Your copy should repeat each record exactly and contain none of the pictures.

(Caption-style text data)
====

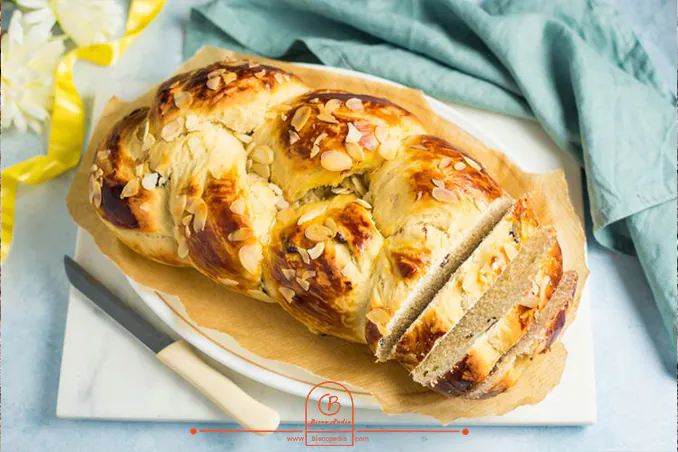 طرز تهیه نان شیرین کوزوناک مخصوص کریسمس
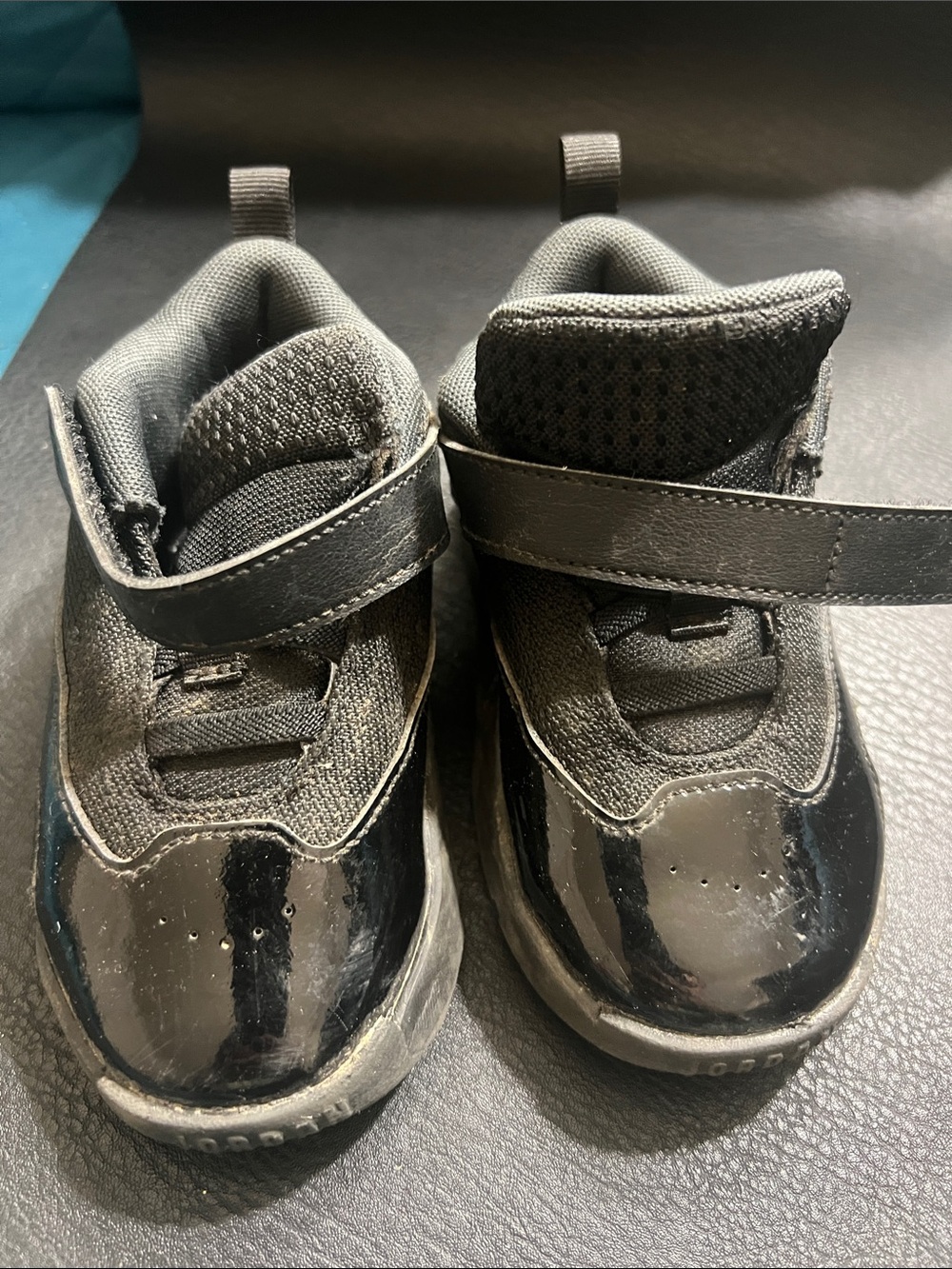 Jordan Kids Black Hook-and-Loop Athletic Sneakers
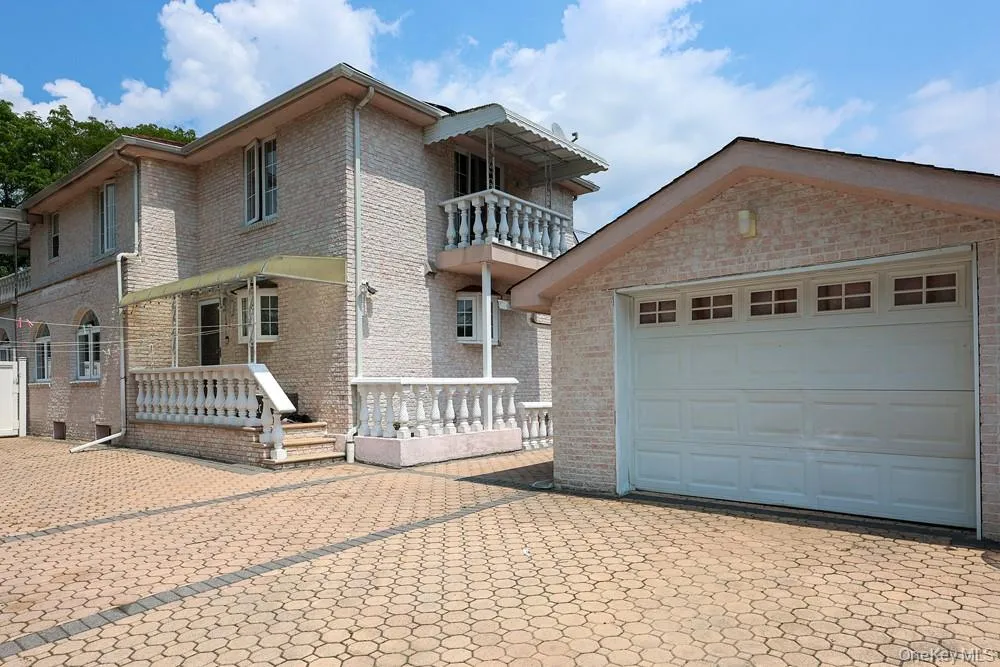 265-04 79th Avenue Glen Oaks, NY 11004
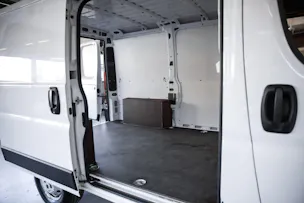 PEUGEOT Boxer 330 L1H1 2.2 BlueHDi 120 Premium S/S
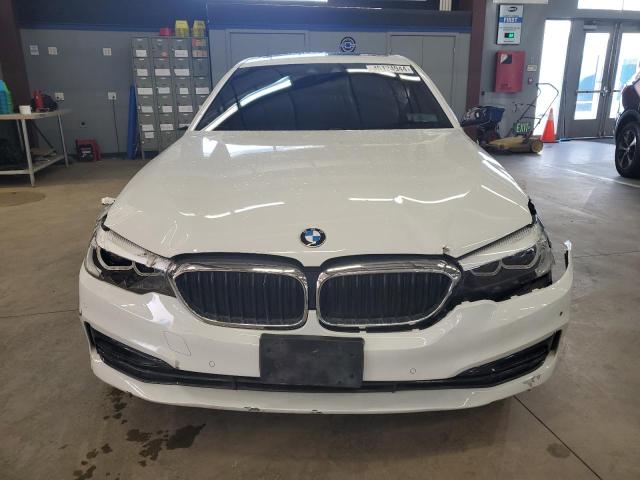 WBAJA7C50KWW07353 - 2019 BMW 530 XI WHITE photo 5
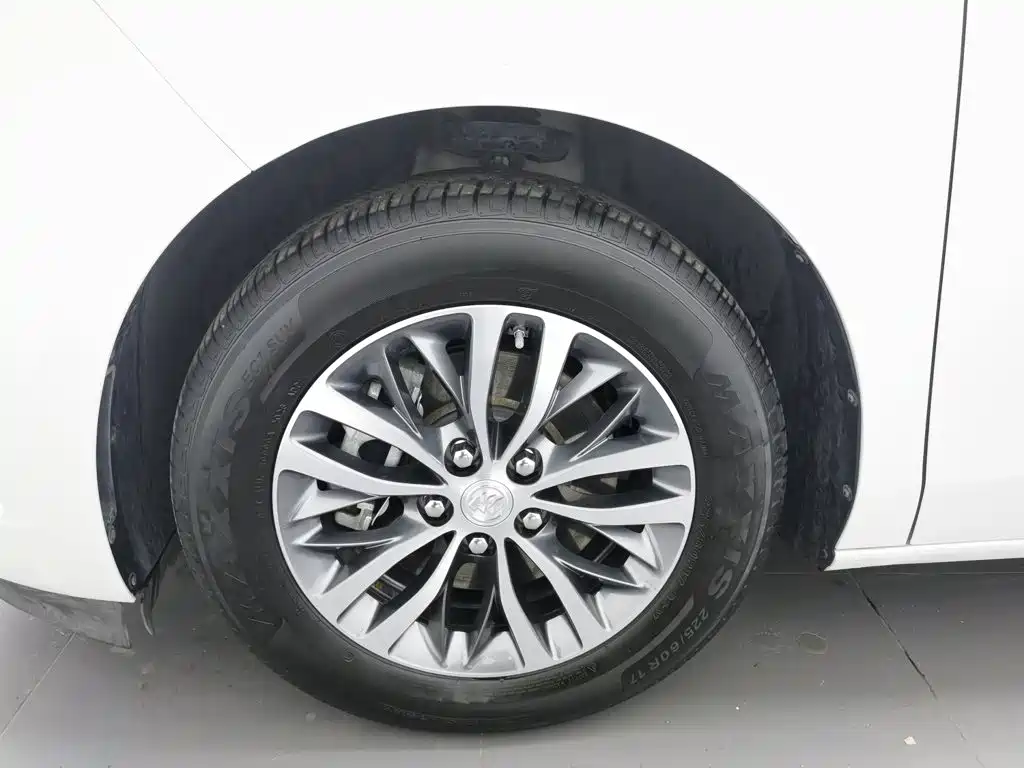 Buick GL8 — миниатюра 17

====

◆ **Exercise answer**:
 طرز تهیه نان شیرین کوزوناک مخصوص کریسمس
 Jordan Kids Black Hook-and-Loop Athletic Sneakers
 265-04 79th Avenue Glen Oaks, NY 11004
 PEUGEOT Boxer 330 L1H1 2.2 BlueHDi 120 Premium S/S
 WBAJA7C50KWW07353 - 2019 BMW 530 XI WHITE photo 5
 Buick GL8 — миниатюра 17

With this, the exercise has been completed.